On Mon, Nov 17, 2008 at 02:43:48PM +0100, tkohlhepp wrote:
I've discovered a major memory issue. We have an OpenLDAP server (2.4.11) running with almost 2 million entries. When I do a ldapsearch to retrieve the entire tree the memory consumption grows and grows and will never stop before it ate the entire RAM and swap.
The figures you give suggest that the maximum size reached is under 1GB. That does not seem bad for 2M entries.
Retrieving 2M entries in a single operation is going to tax any LDAP server, especially if you do not request paged results. Consider what it must do:
1) Make a list of every entry ID 2) Retrieve the data for every entry 3) Build a message containing 2M entries 4) Send the message
Steps 2 and 3 are going to consume a *lot* of memory. Just looking at the number of attributes you are indexing, I suspect that your entries are over 1kb each. That gives a result message of 2M * 1kb = 2GB (at least). All of this must fit into memory before it can be sent.

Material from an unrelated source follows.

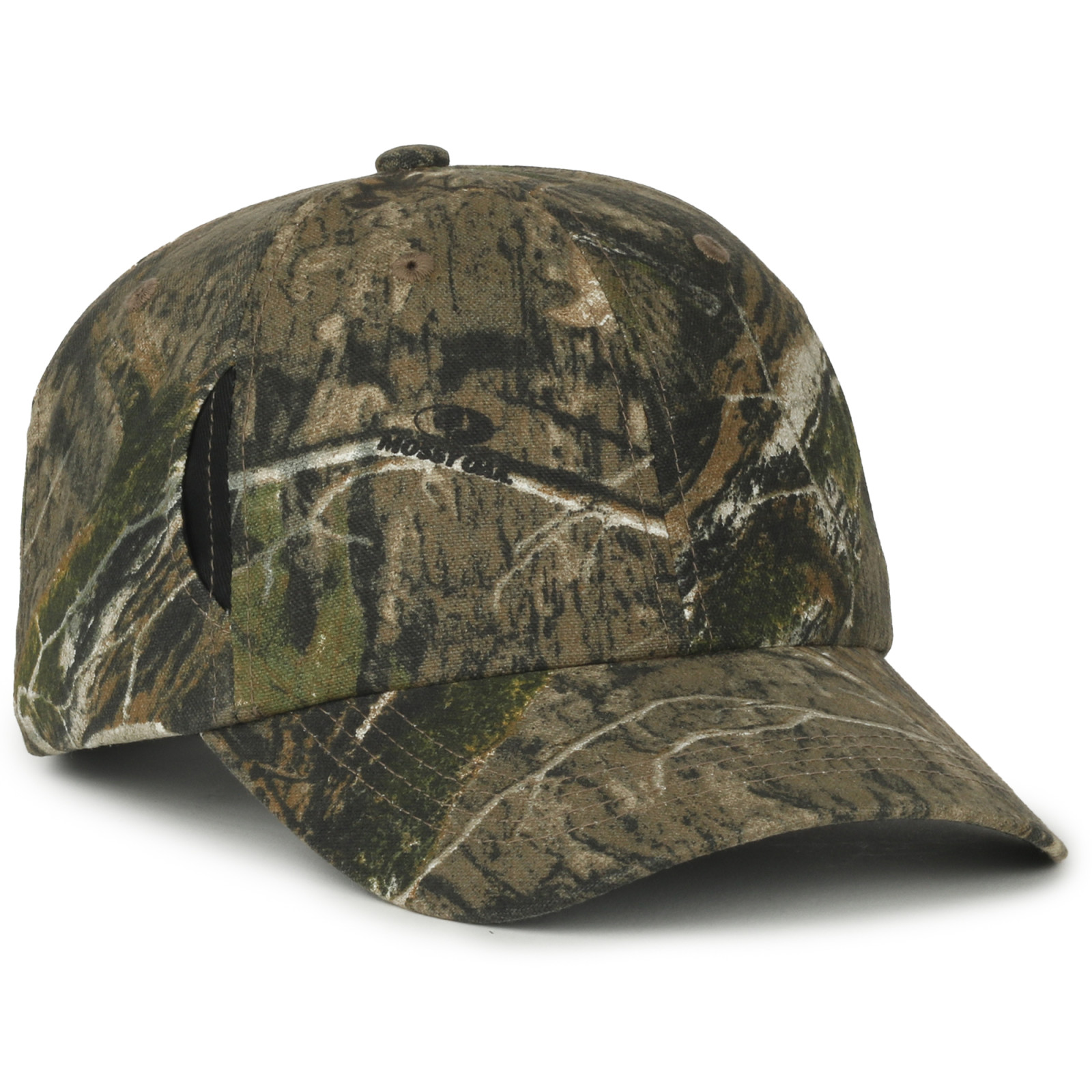 Cargo Camo Pocket Cap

#dbcachesize 1000000 cachesize 1000 idlcachesize 3000 cachefree 500 searchstack 8
The DB_CONFIG look like this
set_cachesize 0 8435456 1 set_lg_regionmax 262144 set_lg_bsize 2097152
All of those numbers seem very small for a directory with 2M entries. It depends how you use it of course, but 'fetch every entry' is going to kill it.
When I start slapd is consumes that much RAM total kB 478476
After doing the search it looks like this total kB 937316
If that represents 'all of memory and all of swap' then you need to add more of both!
If the normal service runs OK with these numbers but it is just the 'retrieve all' operation that gives trouble, then why not find a different way to do that one job? slapcat perhaps?